KaRS: Workshop on Knowledge-aware and Conversational Recommender Systems

The 3rd Knowledge-aware and Conversational Recommender Systems (KaRS) Workshop focuses on all aspects related to the exploitation of external and explicit knowledge sources to feed and build a recommendation engine, and on the adoption of interactions based on the conversational paradigm. The aim is to go beyond the traditional accuracy goal and to start a new generation of algorithms and approaches with the help of the methodological diversity embodied in fields such as Human–Computer Interaction, Conversational Recommender Systems, Semantic Web, and Knowledge Graphs. Consequently the focus lies on works improving the user experience and following goals such as user engagement and satisfaction or customer value.

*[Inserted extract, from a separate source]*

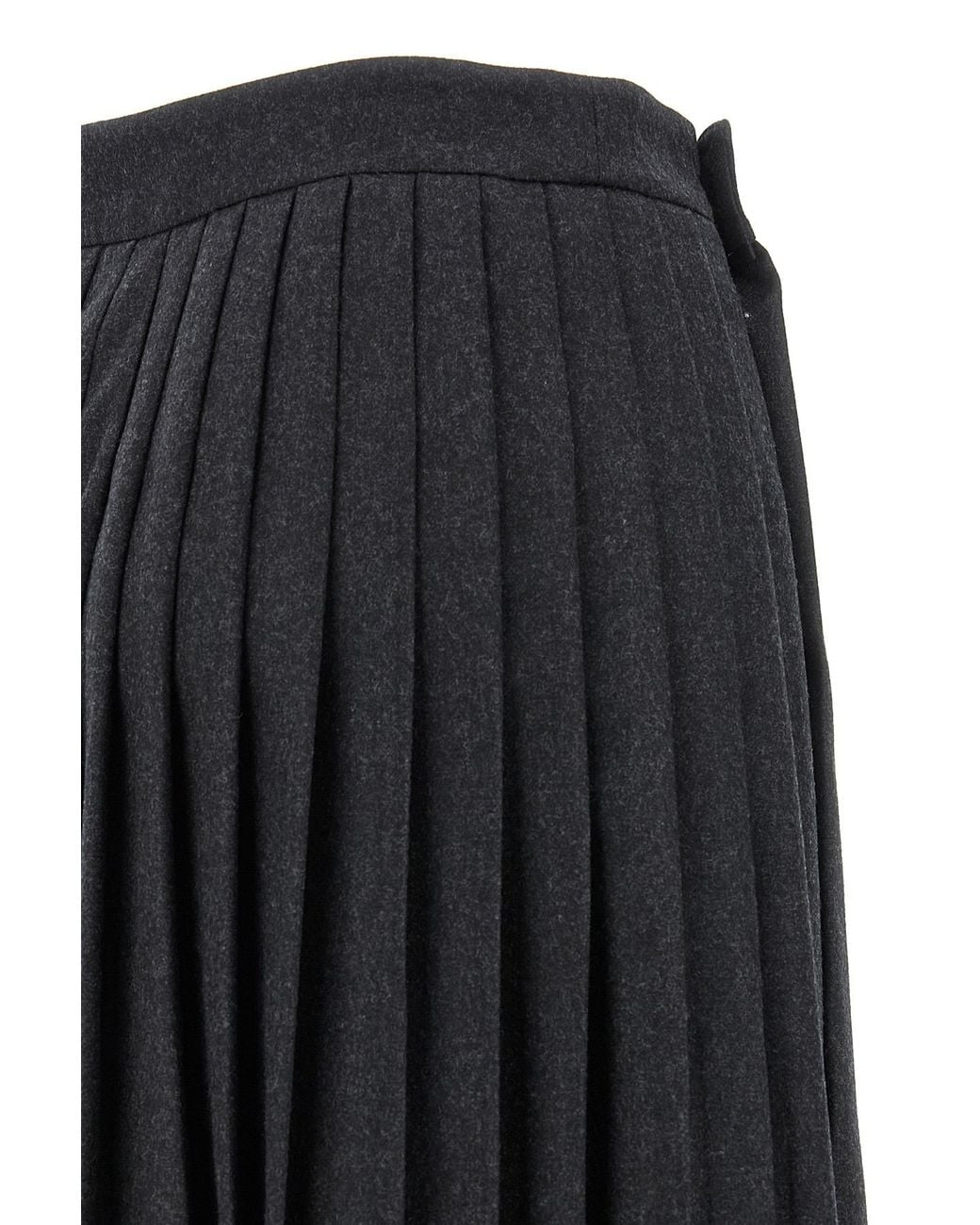 Prada Gray Pleated Wool Flannel Skirt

In the last few years, a renewed interest of the research community on conversational recommender systems (CRSs) is emerging. This is probably due to the great diffusion of Digital Assistants (DAs) such as Amazon Alexa, Siri, or Google Assistant that are revolutionizing the way users interact with machines. DAs allow users to execute a wide range of actions through an interaction mostly based on natural language messages. However, although DAs are able to complete tasks such as sending texts, making phone calls, or playing songs, they are still at an early stage on offering recommendation capabilities by using the conversational paradigm.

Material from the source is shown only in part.